Data Science experience

Data Science users in Microsoft Fabric work on the same platform as business users, analysts and engineers. Data sharing and collaboration becomes more seamless across different roles as a result. Analysts can easily share Power BI reports and datasets, engineers can help investigate some of the problems that may be occurring from the source, and all of this is easily accessible to data science practitioners. The ease of collaboration across roles in Microsoft Fabric makes knowledge transferring and troubleshooting much easier for everyone.

With tools like PySpark/Python, SparklyR/R, notebooks can handle machine learning model training. ML algorithms and libraries can help train machine learning models. Library management tools can install these libraries and algorithms. Users have therefore the option to leverage a large variety of popular machine learning libraries to complete their ML model training in Microsoft Fabric.

Additionally, popular libraries like Scikit Learn can also develop models. MLflow experiments and runs can track the ML model training. Microsoft Fabric offers a built-in MLflow experience with which users can interact, to log experiments and models.

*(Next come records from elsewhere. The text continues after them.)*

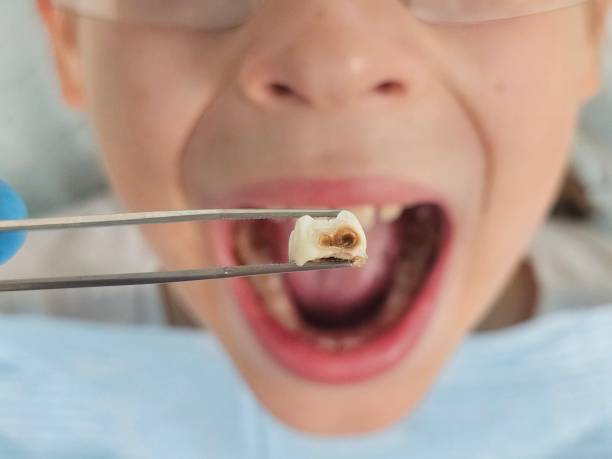 Best Weekend Emergency Dentist in Tamaqua, PA
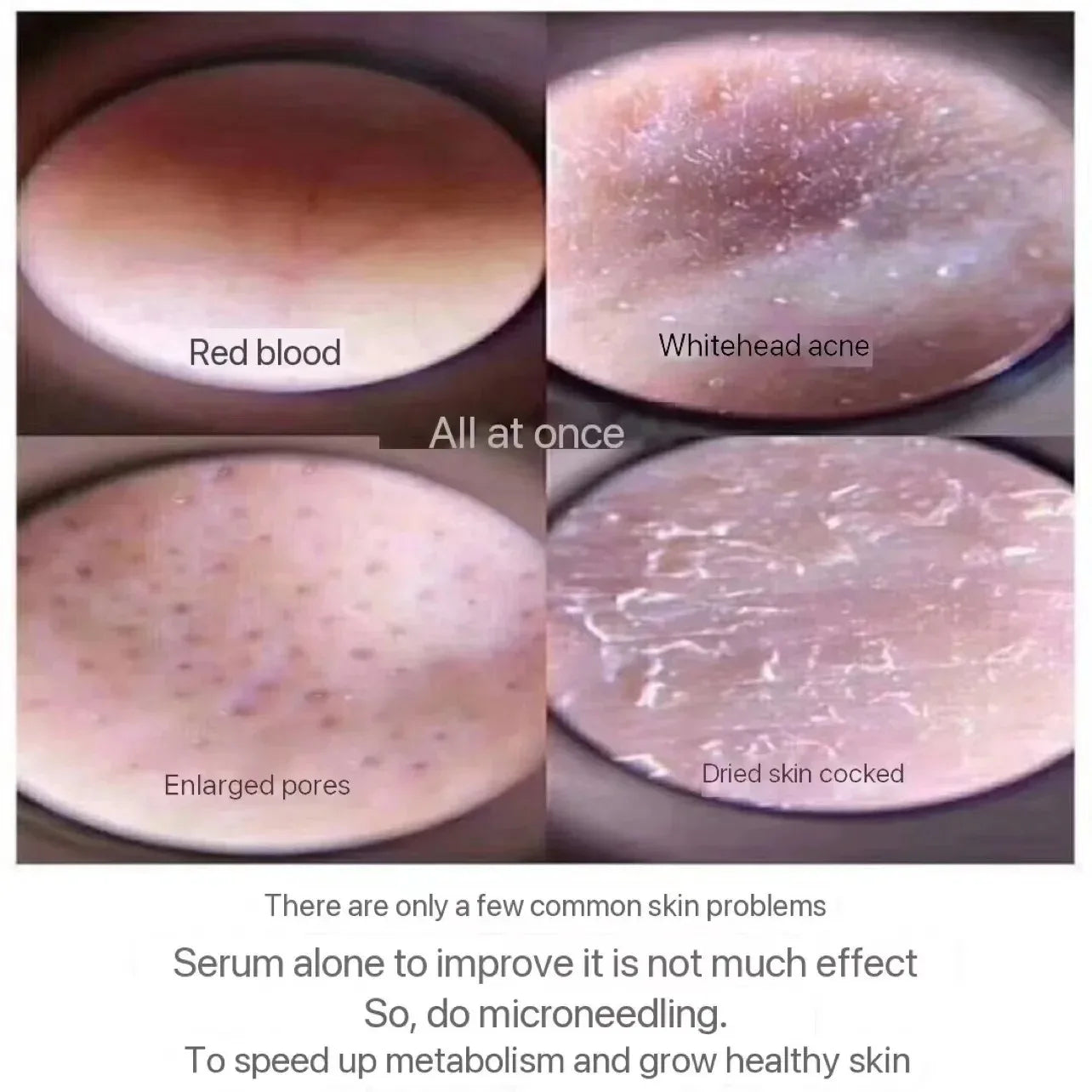 10pcs Sponge Microcrystal Freeze-dried Powder Collagen Regeneration Natural Biological Extract Sponge Spicules Skin Cell Renew Viralgem Store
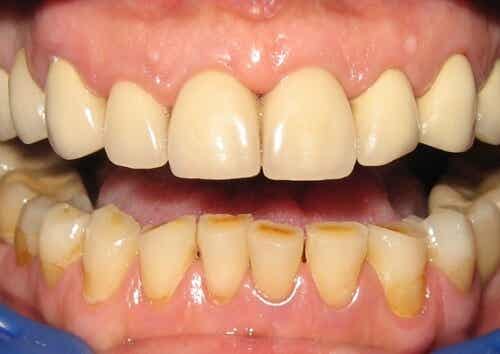 10 formas de eliminar la placa dental naturalmente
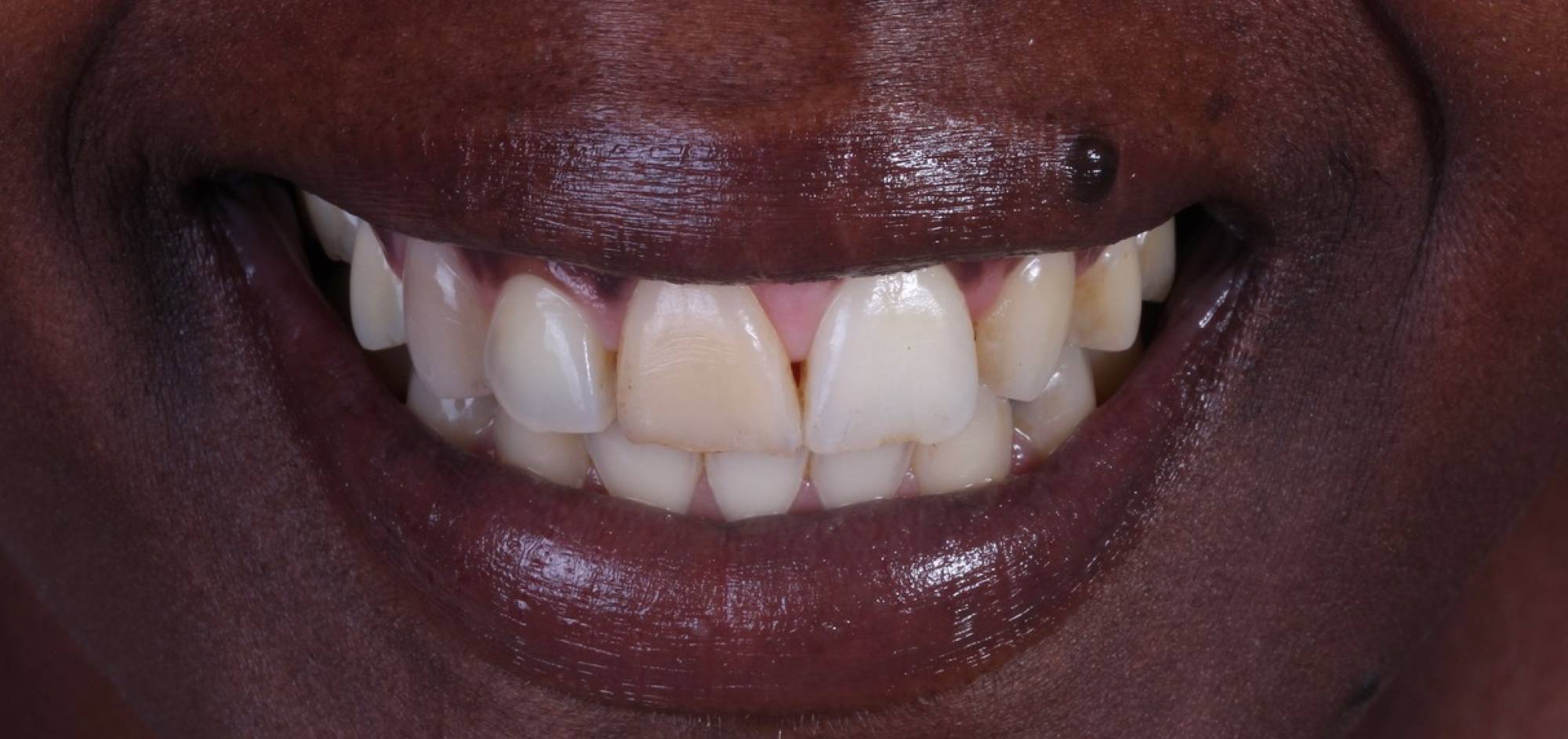 Smile before treatment, case 46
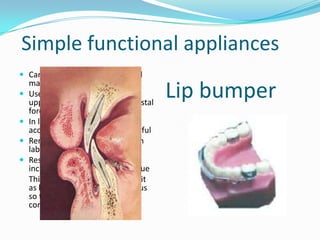 Simple functional appliances
 Can be used for both mand and
    maxilla
   Uses the muscular force from
    upper or lower lip to provide distal
                                           Lip bumper
    force specially to molars
   In lower arch headgear is less
    acceptable so lip bumper is useful
   Remove soft tissues forces from
    labial aspect
   Result increased lower incisor
    inclination by influence of tongue
    This can be reduced by placing it
    as low as possible in labial sulcus
    so that upper part of lip is in
    contact with teeth
 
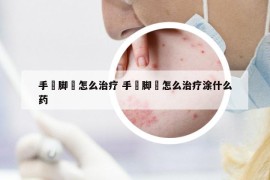 手廯腳廯怎么治療 手廯腳廯怎么治療涂什么藥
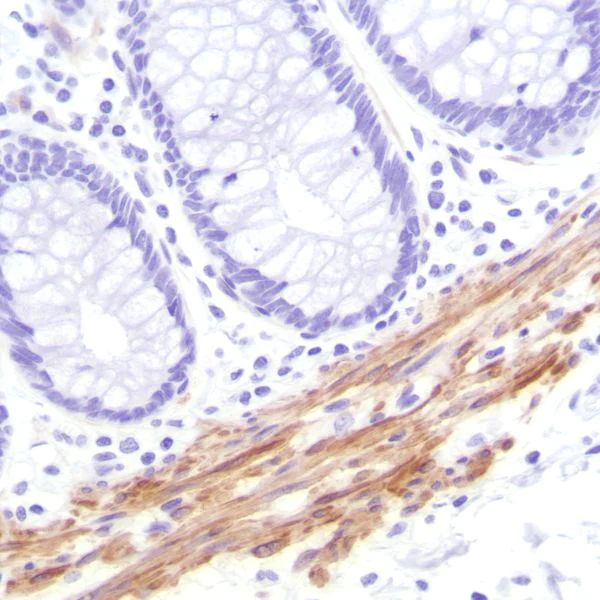 Immunohistochemistry (Formalin/PFA-fixed paraffin-embedded sections) - Anti-Calponin 1 antibody [SP181] (AB227661)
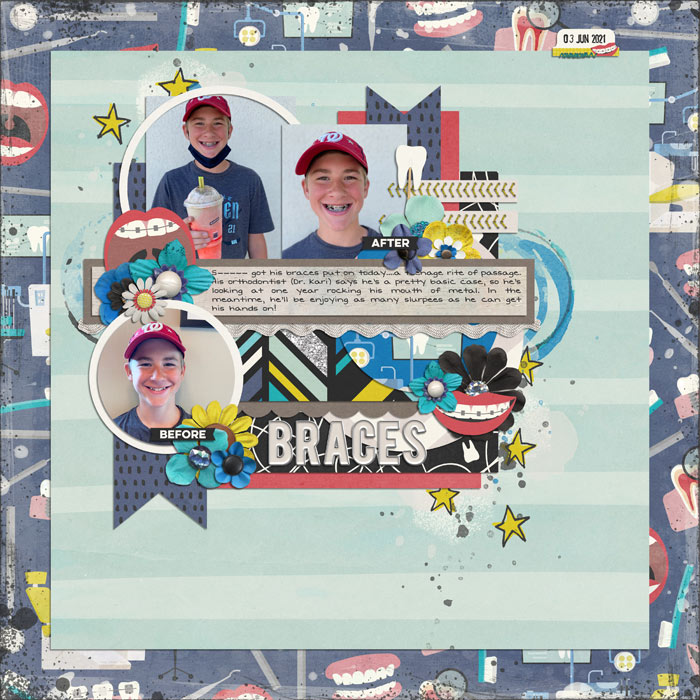 Braces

Microsoft Fabric emerges as a versatile and powerful solution for organizations grappling with diverse data-related tasks. From unstructured to structured data, from data engineering to analytics and machine learning, the platform's seamless integration with PowerBI, built-in data lake, T-SQL support for data warehousing workloads, Data Factory, and Apache Spark capabilities make it a comprehensive toolset for data professionals. As businesses continue to navigate the complexities of the data landscape, Microsoft Fabric stands out as a unified platform, unlocking the full potential of data for informed decision-making.